De volta ao hotel, e já no conforto do meu quarto, percebi que tinha as entranhas a carburar de forma diferente, ainda que estando tudo controlado. Disse assim a mim próprio que a próxima refeição deveria ser o mais sensaborão possível, para ver se não causava danos irreversíveis. Assim, fui jantar, expliquei a minha preocupação e deixei-me convencer a provar um prato típico de nome impronunciável, mas que de acordo com o empregado não tinha nenhum picante.

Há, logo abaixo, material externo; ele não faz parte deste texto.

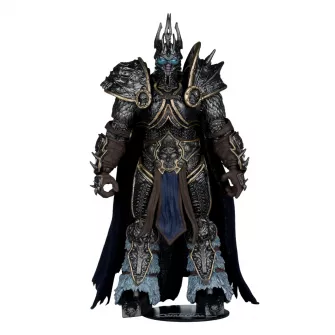Akcione figure - World of Warcraft - The Lich King Deluxe Action Figure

Explicou-me tratar-se de galinha com uma espécie de molho de manteiga, que se come com popper, umas fatias de pão fino, do qual me deu dois tipos diferentes para provar. O prato tinha uma excelente apresentação e era óptimo... mas picante como tudo. E eu comi na mesma. Caros amigos, se no espaço de dois ou três dias não tiverem notícias minhas, liguem para o Marriott e peçam para procurarem por mim no WC do meu quarto.

4 comentários:

ACCM disse...

Devias ter levado também KOMPENSAN...
Então a foto de ti a conduzires os TUCTUC?

mcaa disse...

Mas que aventuras.
Tem cuidado. Beijinho grande
Mãe.

Susy disse...

Amigo, uma coisa é certa vais perder uns quilitos e teres recordações para contares aos teus netos :)
Continuação de boa viagem.

Marco disse...

accm: já coloquei no post seguinte...

mcaa: beijinhos!

susy: os quilos podem ir, desde que não levem nada atrás... obrigado!